Dr. Esohe Faith Ohuoba of Memorial Hermann Medical Group in Texas became an ob-gyn because she felt it was a specialty that has the greatest potential to address health disparities among women — and build healthier communities by being on the frontline of women’s health care, from cancer prevention to contraceptive options and battling STDs.

“If you have healthy and strong women, you will have a healthy and strong community,” said Ohuoba.

When women don’t have adequate access to an ob-gyn, they will defer care until it becomes an emergency or use the emergency rooms as a source of primary care, explained Ohuoba, who said she is already seeing this happen. When she asks a patient about her primary care ob-gyn, some will say don’t have one or they are waiting to get an appointment because the earliest the doctors can see a new patient is in two or three months.

“I’ve even had patients travel from over one to two hours away to see me because they believe that they don’t have appropriate access to high-quality ob-gyn services within their community,” said Ohuoba. “I’ve seen patients in the ER who are in their third trimesters and have never seen a doctor. That’s a problem.” Not only does it put the mother and fetus in danger, but it adds another burden to an already overtaxed health care system.

Said Nathan, “Doctors need time to actually think about their patients, make good decisions and also have a balanced life with rest and relaxation included. This is all imperative for patient safety and doctor well-being, especially in a stressful field like ob-gyn.”

To prepare for the shortage of ob-gyns, medical groups have considered easing restrictions on nurse midwives to allow them to provide routine primary and gynecological care.

“Midwives and nurse practitioners or physician assistants can greatly help reduce the burden of normal exams in the office, both for obstetrics and gynecology,” said Nathan. “This will free the doctors’ time to address more complex issues, operate, deliver complicated patients, and deal with any issues as they arise.”

ACOG is evaluating training for residents and ob-gyn practices, and released guidance to help aid organizations implement methods of team-based care. Additionally, ACOG is working with government institutions and other leading medical organizations to improve the distribution of physicians to rural and underserved communities across the nation — a challenge numerous specialties face.

The shortage will likely worsen an already broken U.S. health care system, in which more women die of pregnancy-related complications than any other developed country in the world, according to an investigative report from NPR and ProPublica. According to a World Health Organization report published in 2015, the U.S. has seen a rise in maternal mortality, which has been declining in most of the rest of the world. Maternal death in the U.S. disproportionally strikes low-income women, women of color, and those living in rural communities. In the U.S., about half of those deaths are preventable, the same report says.

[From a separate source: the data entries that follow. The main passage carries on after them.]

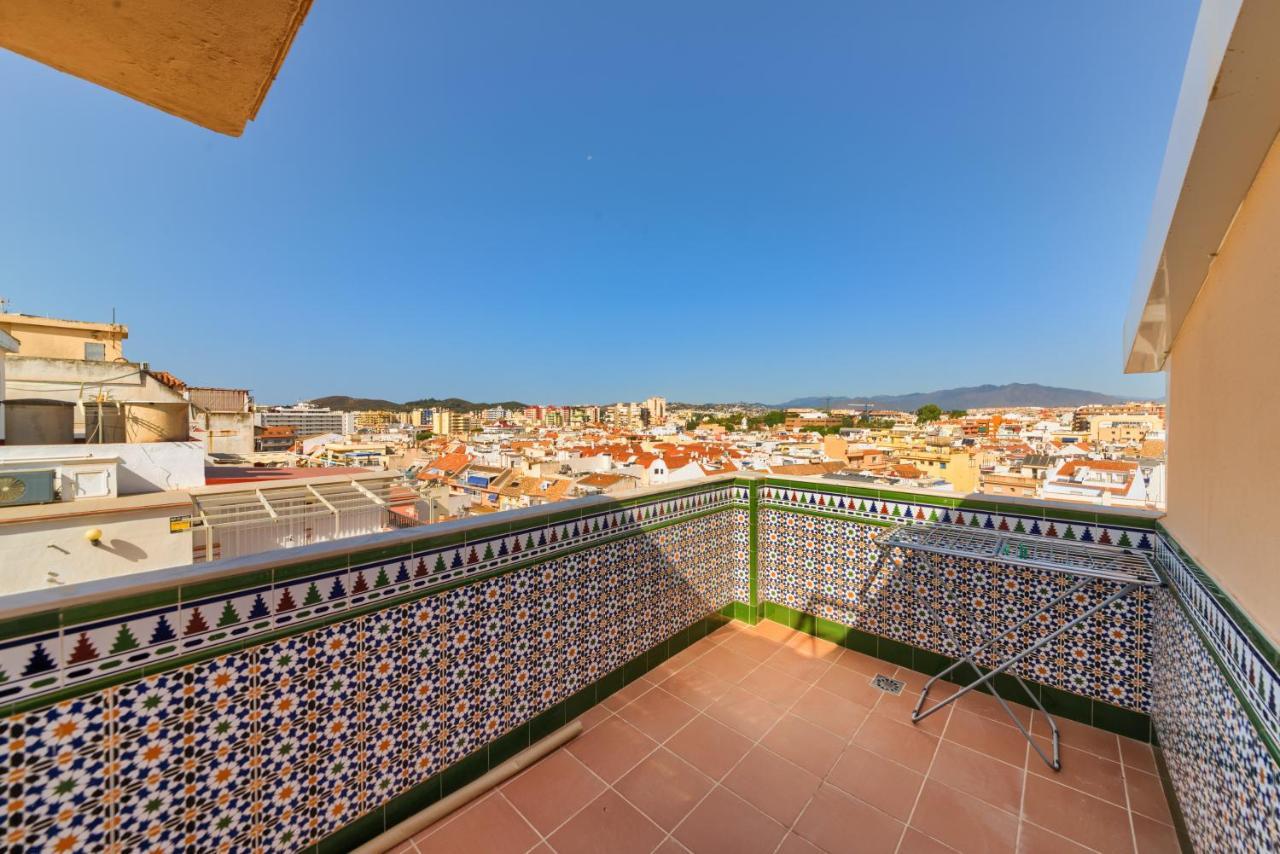 Holidays2Fuengirola Duplex With Stunning Sea View, Terraces,1St Line Beside Port Εξωτερικό φωτογραφία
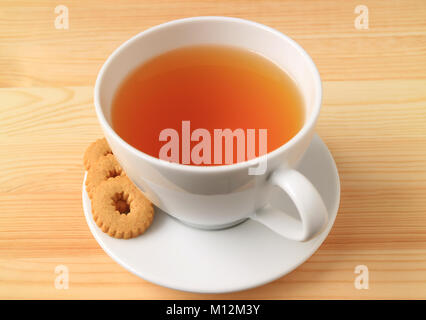 Tazza di tè caldo con biscotti sul tavolo di legno Foto Stock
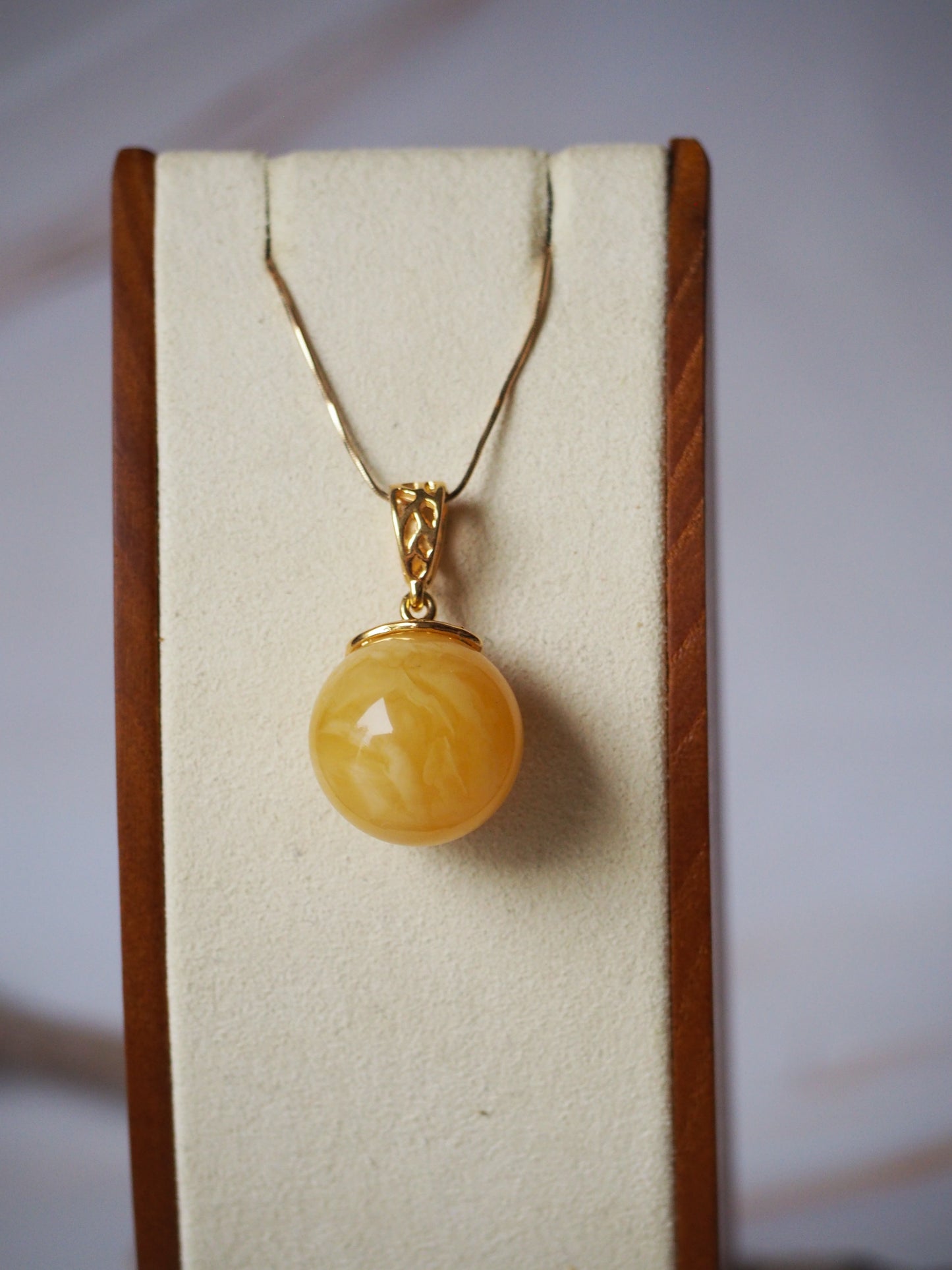 Natural Butterscotch Amber Ball Pendant 20,2mm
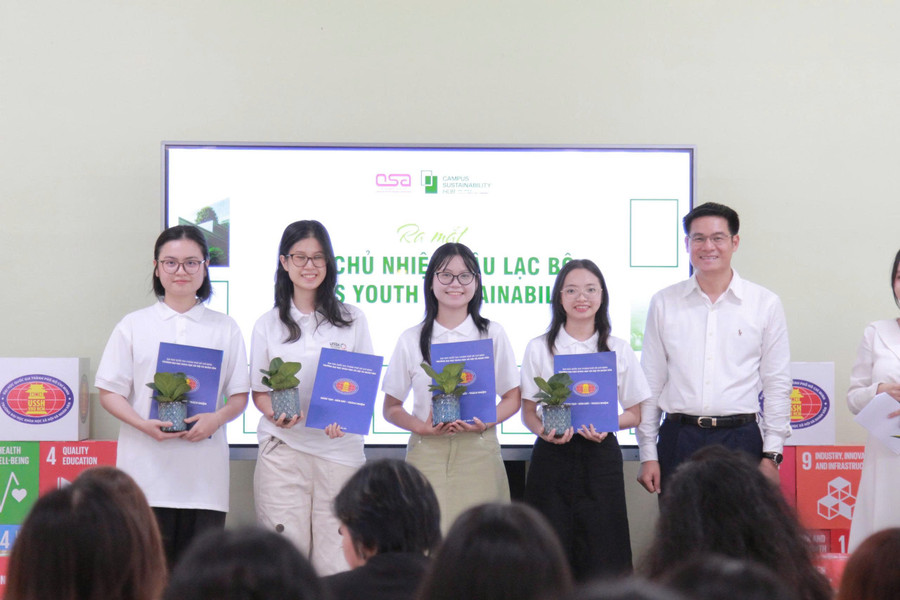 Ban chủ nhiệm Câu lạc bộ Sinh viên Phát triển bền vững của Trường Đại học Khoa học Xã hội và Nhân văn (Đại học Quốc gia TPHCM). Ảnh: Tuấn Vủ.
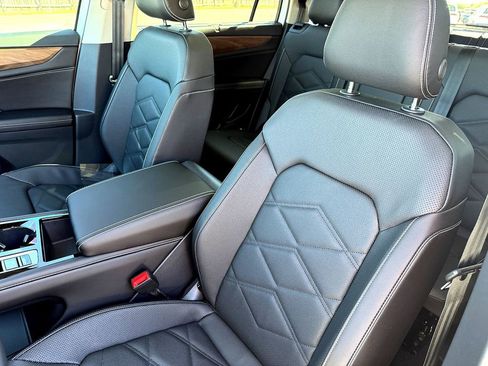 New 2026 Volkswagen Atlas SE image 11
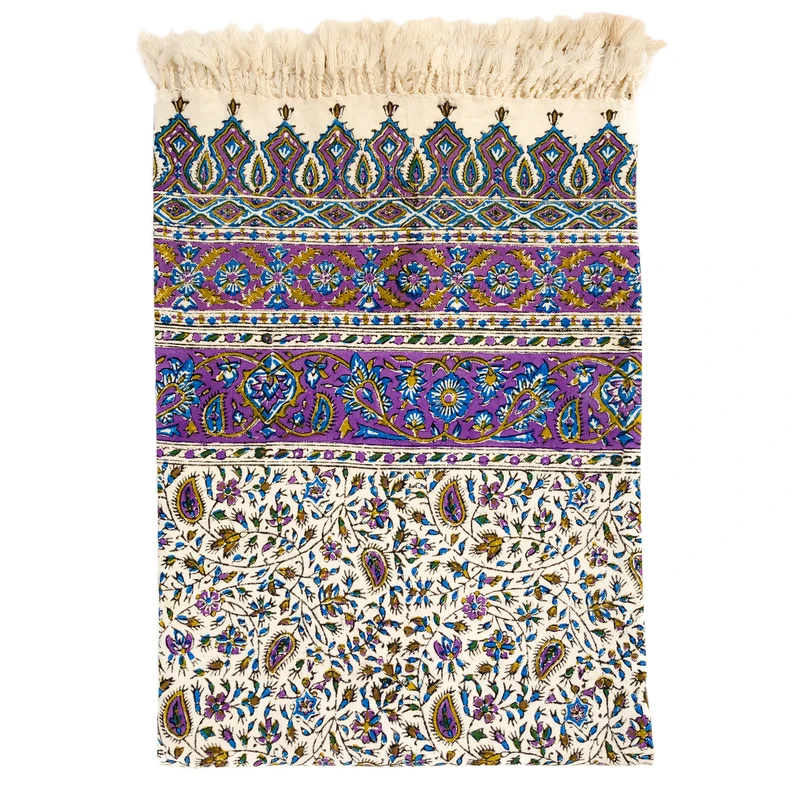 رومیزی قلمكار ممتاز اصفهان اثر عطريان طرح بته جقه مدل G55 سايز200*135سانتي متر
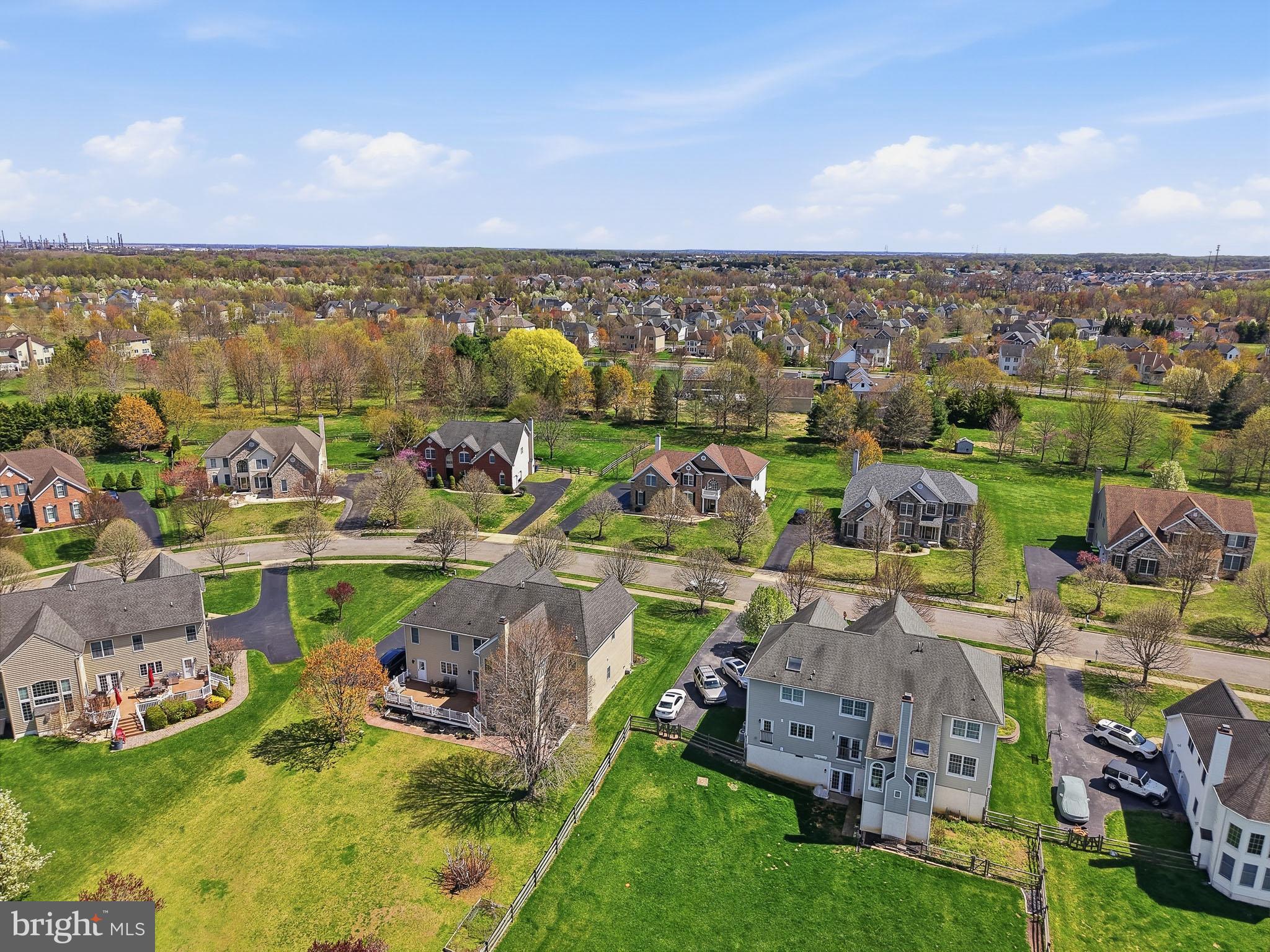 RED LION CHASE - Residential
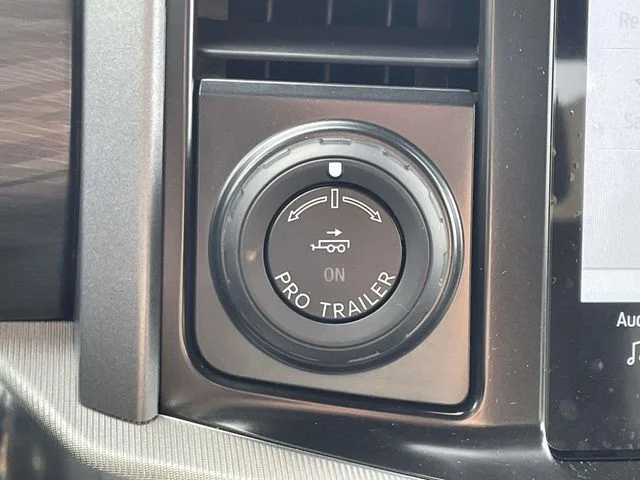 New 2026 Oxford White Ford Lariat® image 28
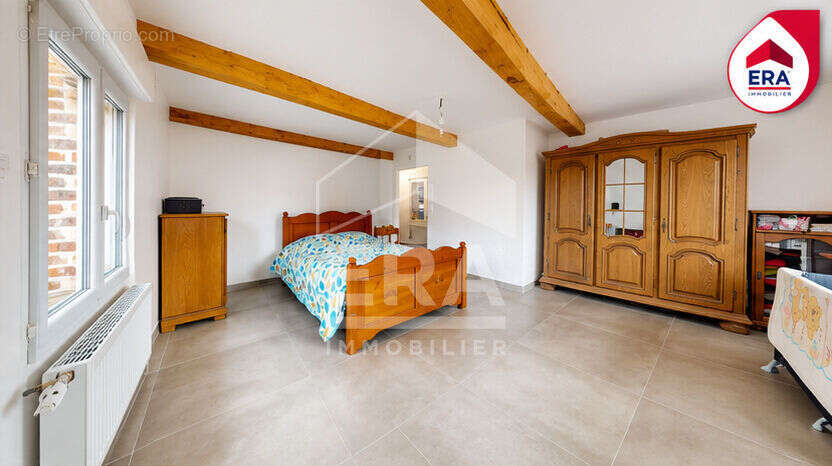 Grands volumes, grands projets : maison 5 chambres + dépendances aménageables - photo 6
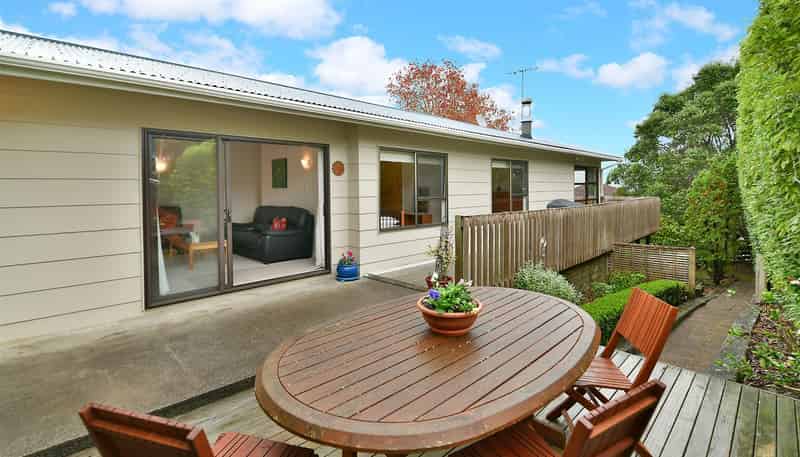 12 St James Avenue, Helensville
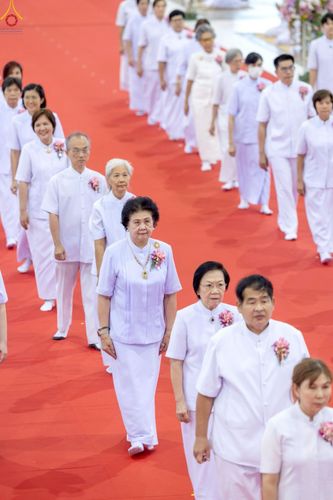 ภาพ No.233932:วันอาทิตย์ที่ 20 กรกฎาคม พ.ศ.2568 พิธีจุดเทียนใจ ไฟนิรันด์ อนันตชัย วัดพระธรรมกาย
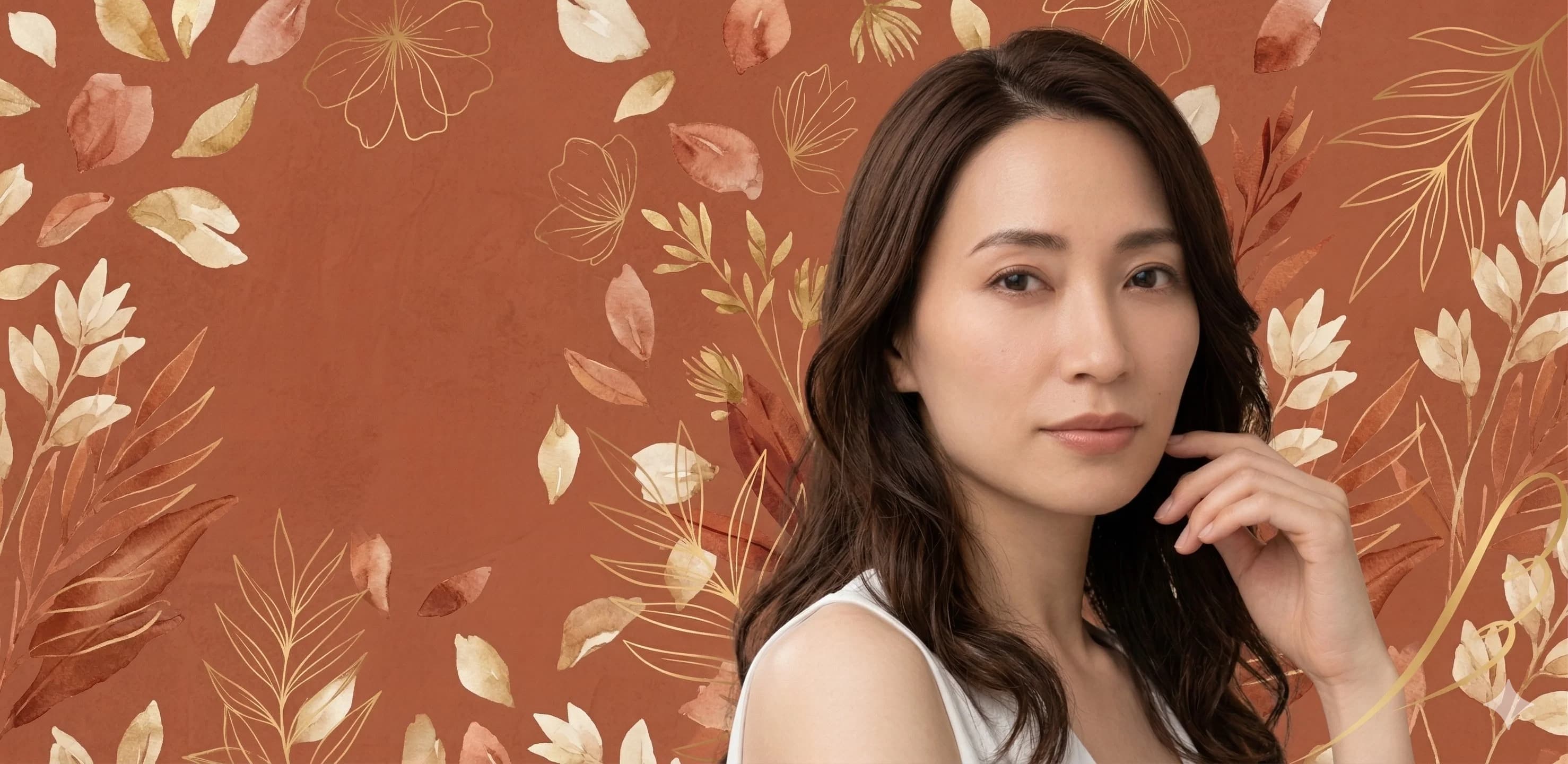 草花を背景にした女性のポートレート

Republicans have long called for defunding of Planned Parenthood, and the Republican Congress keeps threatening to pass health care legislation that would diminish coverage of women’s health services, including access to contraception. Research shows that a lack of access to contraception would increase the rates of unplanned pregnancies and unsafe abortions.

“Access to women’s health care in this country needs to be perceived as very important to everyone’s well-being,” said Nathan. “After all, each of us has a mother, sister, wife, or other loved one who is female.”